Texas served in Mexican waters following the "Tampico Incident" but saw no action there, and made numerous sorties into the North Sea during World War I without engaging the enemy, though she did fire in anger for the first time when shooting medium-caliber guns at supposed submarines (no evidence exists that suggests these were anything more than waves). In World War II, Texas escorted war convoys across the Atlantic and later shelled Vichy French forces in the North African Landings and German-held beaches in the Normandy Landings before being transferred to the Pacific Theater late in 1944 to provide naval gunfire support during the Battles of Iwo Jima and Okinawa. She was the only Allied battleship that took part in all four of these amphibious landings. Texas was decommissioned in 1948, having earned a total of five battle stars for service in World War II. At the end of August 2022 she was moved to a dry dock in Galveston, Texas to undergo a $35 million dollar repair project. As of February 2023 the repair project is underway. When completed she will head to a yet unknown location for future tours.
Texas was also a technological testbed: the first US battleship to mount anti-aircraft guns, the first US warship to control gunfire with directors and range-keepers, the first US battleship to launch an aircraft, and one of the first US Navy warships to receive production radar.
Texas was the first US battleship to become a permanent museum ship. In 1976 she became the first battleship to be declared a US National Historic Landmark, and is the only remaining World War I era dreadnought battleship. She is also one of the eight remaining ships and the only remaining capital ship to have served in both World Wars.Texas is owned by the people of Texas and is officially under the jurisdiction of the Texas Parks and Wildlife Department. Everyday operations and maintenance of Texas has been handled by the non-profit organization Battleship Texas Foundation since August 2020. As of March 2023, Texas has been dry docked for repairs.
Texas the Museum Ship
On 31 August 2022, Texas was towed out of her berth to a floating dry dock at Gulf Copper Dry Dock & Rig Repair in Galveston, Texas for repairs. The journey took four tugboats pulling the ship 40 miles (64 kilometres) through the Houston Ship Channel and ended at around 4 pm.
Once repairs are complete, the Battleship Texas Foundation intends to berth the ship at a different city; Galveston and many other Texas cities are interested but in March 2023 Baytown and Beaumont were told by the foundation that they are no longer considered.

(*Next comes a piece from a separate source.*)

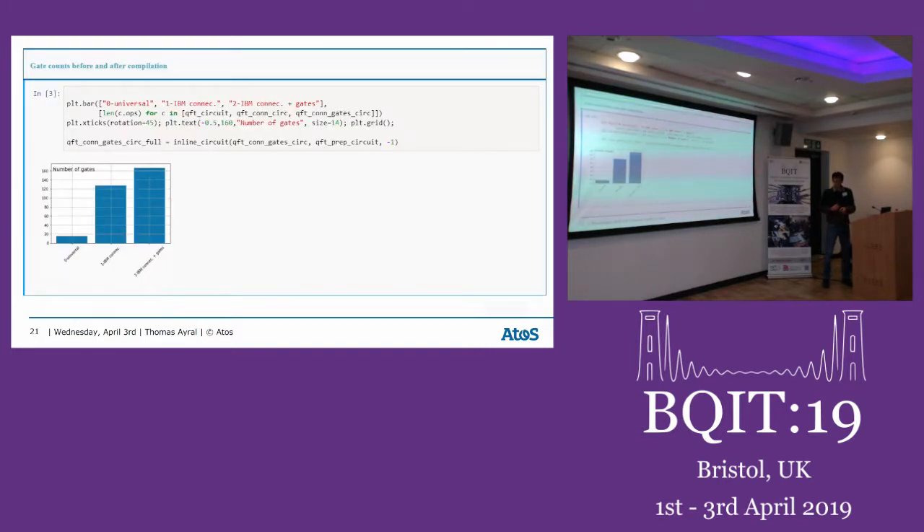To quantify the overhead: the textbook QFT circuit has 16 gates. Taking connectivity constraints into account, this grows to over 120 gates. Including the limited native gate set, it reaches around 160 gates — a factor of 10 increase just from these two hardware constraints. The routing algorithm that maps the circuit to the connectivity graph must be efficient, and this is an active area of investigation.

As part of the conditions for receiving the $35 million from the Texas government Texas can only be berthed in the upper coast region of Texas after she is repaired. This means any part of the Texas coastline from the San Bernard National Wildlife Refuge to the Louisiana border. Texas also received a matching $35 million federal grant from the United States government for her repairs. This $70 million can only be used to repair the battleship and cannot be used on cosmetic-related maintenance like replacing the wooden deck and painting the ship. Also, infrastructure-related projects for the new homeport such as the parking lot or museum buildings cannot be paid for by these funds.
Texas was the first and oldest of the eight US battleships that became permanent floating museums; the other battleships honored in this way are Massachusetts, Alabama, North Carolina, New Jersey, Missouri, Wisconsin, and Iowa. Texas is also one of the oldest surviving modern naval ships, having turned 100 years old on 12 March 2014.